How to Teach Your Kids About Bank Accounts
Age 5 and Under: (One Piggy Bank and Keep It Fun)
Get a piggy bank. The idea at this age is simply to introduce your children to cash and currency. Get as many foreign currencies as possible. Even our Canadian bills have a rich story on each note. These conversations make math and history fun and tangible. Every dollar your child receives from gifts can go in their piggy bank. Allow them to empty it as often as they'd like to buy things that are fun.
Age 6-10: (Two Piggy Banks and Introduce Short-Term Savings)
Keep the first piggy bank and get a second one. As your child might now be receiving an allowance, more money from family birthday gifts, it's time to help your child divide their income and set short-term goals. Do they have a swim or ski pass they want to save up for in the coming months? How much should they put in their fun spending bank and how much into their short-term savings? The idea here is to teach your child there are expenses that need to be saved up for.
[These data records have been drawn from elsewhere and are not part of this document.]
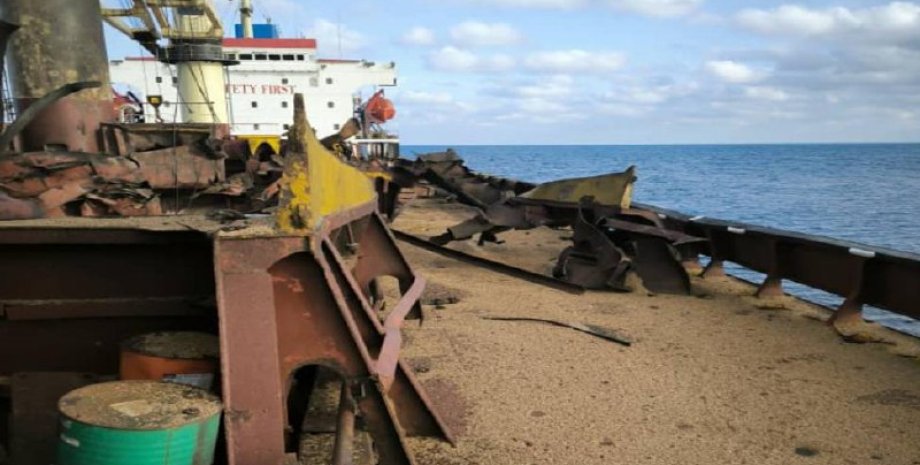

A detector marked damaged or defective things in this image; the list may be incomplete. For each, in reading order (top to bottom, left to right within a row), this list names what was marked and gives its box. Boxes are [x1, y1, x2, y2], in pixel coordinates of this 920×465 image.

rusty barrel [119, 330, 220, 392]
rusty barrel [58, 380, 223, 464]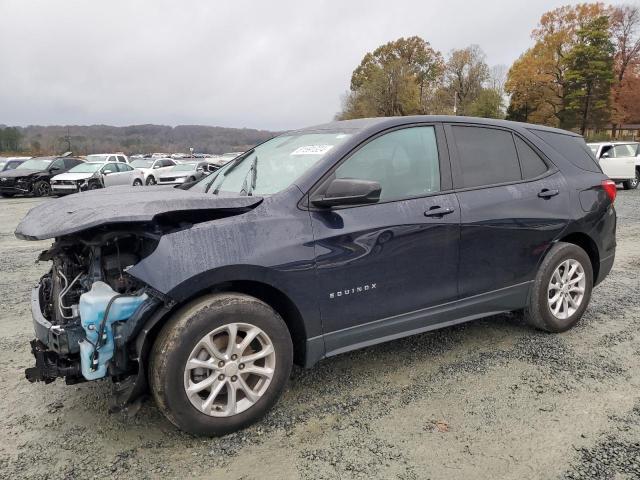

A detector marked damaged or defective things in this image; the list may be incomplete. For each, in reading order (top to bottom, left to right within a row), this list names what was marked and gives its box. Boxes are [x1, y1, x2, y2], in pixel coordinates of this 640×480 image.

crumpled hood [16, 187, 264, 242]
damaged front end [25, 227, 168, 410]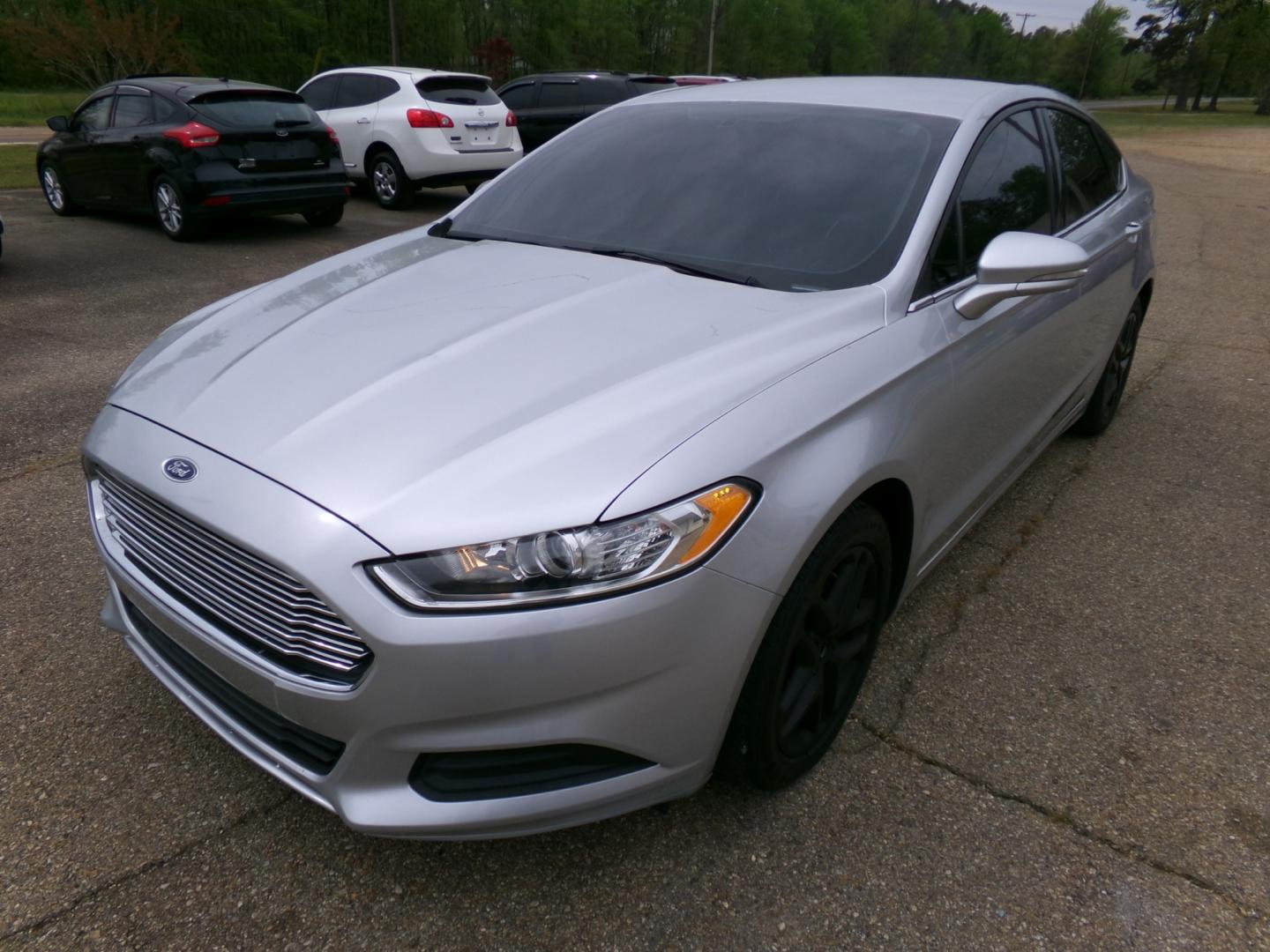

Age 11-16: (Two Piggy Banks Plus a Real Bank Account for Long-Term Wants)
Keep the fun piggy bank, short-term savings piggy and add a real bank account. Most banks have youth accounts. If they're over 12 years old, bring their ID. If they're under 12, bring yours to open the account in their name. As your child is receiving and possibly earning more money at this point (helping with garage sales, the lawn and snow, maybe a part-time job), they need more guidance with where their money should go. Also, you'll want to teach them about the importance of a real bank account (how to set it up, monitor balances, withdrawals and deposits).
This is the time to introduce a longer-term savings teaching element. For example, they still need to save up for the swim or ski pass (short-term savings), but they also have a school trip to Europe coming up in a year or two. You'll want to help them visualize their goal (create a goal thermometre) and ways to creatively earn more income or raise funds. How will they split their income into fun spending, short-term and long-term savings (skills they'll need as an adult)?
Age 16+: (Two Piggy Banks, One Bank Account Plus a Mock Credit Card System)
Keep all the previous accounts (two piggy banks and the real bank account) plus add a mock credit card system. Let's say a new pair of roller blades are on sale and you as a parent are willing to buy them for your child because they've exhausted their other accounts.
This is a great time to teach your child about how to use credit responsibly by practicing with the Bank of Mom and Dad. Parents set the credit limit, pay back parameters and penalties for default. Get them practicing on paper before they get a real credit card.
Remember that you want to balance saving up for short-term and long-term desires, teaching responsible use of credit and keeping a percentage of money ear-marked for fun. Your kids will be well on their way to being money smart into adulthood.